“Cuando era adolescente, un amigo me regaló un conejo y lo llamé Oscarito. Le mandé a hacer una jaula, lo alimenté, lo aseaba y lo mantenía bien cuidado. Con el tiempo, Oscarito creció y engordó. Fue así como dejé de verlo como una mascota y empecé a verlo como un plato delicioso. Llamé a un amigo que sabía destazar conejos y procedimos a matarlo. Luego se lo llevé a una tía que sabía una receta buenísima”.
“Ramsés fue mi primera mascota y la única que he tenido hasta el momento. Se apegó tanto a mí que si yo andaba fuera, él me esperaba en la puerta hasta que llegara. Un día estaba yo en la cocina cuando escuché un golpe y sin saber nada grité: ‘¡Ramsés!’ Corrí a la calle y lo encontré tendido; lo acaricié, meneó su cola y murió. Lloré durante días y aún hoy, diez años después, le recuerdo con cariño”.
“Hace casi dos años, el día del cumpleaños de mi hija, una vecina envenenó a nuestra perrita Luna (y a ocho perros más del barrio), poniéndoles salchichón envenenado en la acera. Cancelamos la fiesta, lloramos todo el día, y hasta la fecha la recordamos con mucho amor. La conciencia de la vecina se encargó de castigarla, ya que comentó que dormía de día y vigilaba de noche, por miedo a que le hicieran algo”.

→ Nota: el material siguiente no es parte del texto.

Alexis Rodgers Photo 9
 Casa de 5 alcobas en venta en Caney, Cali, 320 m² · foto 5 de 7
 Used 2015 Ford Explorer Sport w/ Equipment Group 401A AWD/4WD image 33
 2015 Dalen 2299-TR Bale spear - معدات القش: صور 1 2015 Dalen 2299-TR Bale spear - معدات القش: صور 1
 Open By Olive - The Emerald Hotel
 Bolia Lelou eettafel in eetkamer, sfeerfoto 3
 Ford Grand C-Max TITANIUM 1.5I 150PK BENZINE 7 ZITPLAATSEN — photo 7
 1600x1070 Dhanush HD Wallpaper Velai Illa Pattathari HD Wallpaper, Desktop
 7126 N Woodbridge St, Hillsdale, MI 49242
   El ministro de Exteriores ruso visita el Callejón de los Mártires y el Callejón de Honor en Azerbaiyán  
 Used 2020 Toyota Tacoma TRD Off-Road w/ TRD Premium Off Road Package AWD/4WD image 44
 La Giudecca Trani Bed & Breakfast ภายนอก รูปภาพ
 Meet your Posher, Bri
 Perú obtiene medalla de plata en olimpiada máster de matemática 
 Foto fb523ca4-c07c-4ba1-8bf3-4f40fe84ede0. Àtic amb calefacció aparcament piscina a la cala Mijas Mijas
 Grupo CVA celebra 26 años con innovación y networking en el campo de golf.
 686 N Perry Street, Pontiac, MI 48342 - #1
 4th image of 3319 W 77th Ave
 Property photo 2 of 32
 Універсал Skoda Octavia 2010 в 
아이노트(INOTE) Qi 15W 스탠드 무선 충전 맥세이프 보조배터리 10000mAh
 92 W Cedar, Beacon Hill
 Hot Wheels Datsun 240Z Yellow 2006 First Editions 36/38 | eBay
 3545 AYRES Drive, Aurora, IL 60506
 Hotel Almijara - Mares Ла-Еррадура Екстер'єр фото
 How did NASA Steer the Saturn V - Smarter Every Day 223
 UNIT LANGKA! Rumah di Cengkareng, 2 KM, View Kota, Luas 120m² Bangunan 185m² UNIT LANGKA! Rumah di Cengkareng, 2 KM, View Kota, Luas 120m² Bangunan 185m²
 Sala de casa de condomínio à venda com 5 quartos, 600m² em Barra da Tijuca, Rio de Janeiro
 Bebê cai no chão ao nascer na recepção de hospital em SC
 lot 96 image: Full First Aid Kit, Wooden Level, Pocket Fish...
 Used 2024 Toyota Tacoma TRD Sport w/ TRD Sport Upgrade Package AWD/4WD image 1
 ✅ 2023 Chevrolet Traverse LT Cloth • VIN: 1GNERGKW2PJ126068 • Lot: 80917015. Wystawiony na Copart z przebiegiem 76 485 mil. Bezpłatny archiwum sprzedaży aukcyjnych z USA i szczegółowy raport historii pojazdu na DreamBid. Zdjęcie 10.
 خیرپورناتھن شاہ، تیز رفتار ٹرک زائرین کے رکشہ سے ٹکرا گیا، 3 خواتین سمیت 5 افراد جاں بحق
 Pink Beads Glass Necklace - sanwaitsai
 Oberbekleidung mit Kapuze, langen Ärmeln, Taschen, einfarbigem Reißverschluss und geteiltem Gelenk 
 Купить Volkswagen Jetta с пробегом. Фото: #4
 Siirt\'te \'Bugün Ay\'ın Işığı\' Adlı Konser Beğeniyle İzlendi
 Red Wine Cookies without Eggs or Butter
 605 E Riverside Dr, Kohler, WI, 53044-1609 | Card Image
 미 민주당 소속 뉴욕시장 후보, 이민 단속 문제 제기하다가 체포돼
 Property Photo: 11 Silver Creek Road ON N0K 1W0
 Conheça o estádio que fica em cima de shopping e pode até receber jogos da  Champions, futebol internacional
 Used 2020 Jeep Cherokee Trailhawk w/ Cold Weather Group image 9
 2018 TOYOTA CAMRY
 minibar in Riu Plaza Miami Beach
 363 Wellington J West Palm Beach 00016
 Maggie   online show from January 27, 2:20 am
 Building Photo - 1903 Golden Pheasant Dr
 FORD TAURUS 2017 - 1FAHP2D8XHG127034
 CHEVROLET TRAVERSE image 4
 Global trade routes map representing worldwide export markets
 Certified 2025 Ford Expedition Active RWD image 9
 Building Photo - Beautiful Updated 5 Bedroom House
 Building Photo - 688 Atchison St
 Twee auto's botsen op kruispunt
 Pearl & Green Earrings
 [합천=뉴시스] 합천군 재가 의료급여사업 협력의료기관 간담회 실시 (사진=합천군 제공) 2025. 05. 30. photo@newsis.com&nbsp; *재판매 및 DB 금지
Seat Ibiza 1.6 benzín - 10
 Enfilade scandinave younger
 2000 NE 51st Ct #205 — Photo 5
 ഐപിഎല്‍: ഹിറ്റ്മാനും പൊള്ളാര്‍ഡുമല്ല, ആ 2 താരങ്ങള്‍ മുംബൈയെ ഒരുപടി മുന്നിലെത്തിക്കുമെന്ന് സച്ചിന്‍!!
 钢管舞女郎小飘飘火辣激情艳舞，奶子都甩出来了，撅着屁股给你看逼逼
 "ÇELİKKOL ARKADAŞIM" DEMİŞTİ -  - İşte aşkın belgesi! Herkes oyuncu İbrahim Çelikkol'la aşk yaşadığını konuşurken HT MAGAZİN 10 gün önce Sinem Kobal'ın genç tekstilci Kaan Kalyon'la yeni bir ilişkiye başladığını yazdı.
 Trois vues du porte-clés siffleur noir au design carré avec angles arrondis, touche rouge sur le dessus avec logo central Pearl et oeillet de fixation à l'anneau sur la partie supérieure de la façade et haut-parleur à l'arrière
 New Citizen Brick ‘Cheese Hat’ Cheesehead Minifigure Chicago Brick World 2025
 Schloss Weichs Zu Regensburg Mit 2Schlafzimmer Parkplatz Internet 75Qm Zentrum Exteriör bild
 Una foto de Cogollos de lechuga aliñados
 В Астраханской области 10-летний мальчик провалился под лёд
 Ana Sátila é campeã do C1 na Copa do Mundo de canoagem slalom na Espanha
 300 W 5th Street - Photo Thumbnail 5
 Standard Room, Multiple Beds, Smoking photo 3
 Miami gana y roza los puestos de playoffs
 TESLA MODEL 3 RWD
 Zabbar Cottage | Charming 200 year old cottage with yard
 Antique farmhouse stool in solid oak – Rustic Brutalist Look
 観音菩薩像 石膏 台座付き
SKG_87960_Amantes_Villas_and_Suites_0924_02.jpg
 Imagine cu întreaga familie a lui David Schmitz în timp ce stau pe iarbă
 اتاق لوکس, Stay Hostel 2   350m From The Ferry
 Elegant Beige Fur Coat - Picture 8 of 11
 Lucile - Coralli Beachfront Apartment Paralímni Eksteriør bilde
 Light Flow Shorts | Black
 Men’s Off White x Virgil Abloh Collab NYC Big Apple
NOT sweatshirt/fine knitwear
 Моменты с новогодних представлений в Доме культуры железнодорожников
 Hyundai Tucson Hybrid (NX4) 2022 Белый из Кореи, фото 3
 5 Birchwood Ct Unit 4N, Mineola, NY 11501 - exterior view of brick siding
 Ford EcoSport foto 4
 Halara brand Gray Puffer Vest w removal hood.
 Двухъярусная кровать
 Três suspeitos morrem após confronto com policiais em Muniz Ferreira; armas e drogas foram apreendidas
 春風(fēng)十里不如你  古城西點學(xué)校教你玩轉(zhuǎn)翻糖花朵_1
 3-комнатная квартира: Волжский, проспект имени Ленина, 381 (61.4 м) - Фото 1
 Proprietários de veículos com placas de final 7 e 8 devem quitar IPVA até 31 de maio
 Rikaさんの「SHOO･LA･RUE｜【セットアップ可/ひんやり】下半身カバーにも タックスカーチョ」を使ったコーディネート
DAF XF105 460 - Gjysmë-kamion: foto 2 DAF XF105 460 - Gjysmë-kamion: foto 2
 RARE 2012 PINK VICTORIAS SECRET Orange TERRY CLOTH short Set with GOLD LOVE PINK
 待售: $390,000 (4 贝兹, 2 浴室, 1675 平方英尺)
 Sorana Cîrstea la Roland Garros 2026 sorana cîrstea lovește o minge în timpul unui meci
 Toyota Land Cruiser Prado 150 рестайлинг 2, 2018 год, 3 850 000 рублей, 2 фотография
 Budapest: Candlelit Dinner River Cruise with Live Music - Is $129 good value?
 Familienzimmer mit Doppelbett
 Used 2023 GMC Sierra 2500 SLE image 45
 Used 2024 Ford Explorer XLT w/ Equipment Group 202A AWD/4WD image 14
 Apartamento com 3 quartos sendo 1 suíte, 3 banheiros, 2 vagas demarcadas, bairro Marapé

“Mi hermana Edelmira (q.d.D.g.), quien amaba a todos los animales, tenía una perrita llamada Benji, que murió atropellada. Cuando llegó el momento de sepultarla, ella atravesó un potrero para llevarla al pie de un gran árbol, y ahí la dejó, a la intemperie. Yo intervine para decirle: ‘No es correcto dejar sin enterrar a las mascotas muertas’. Y ella me respondió: ‘Los zopilotes también necesitan comer’.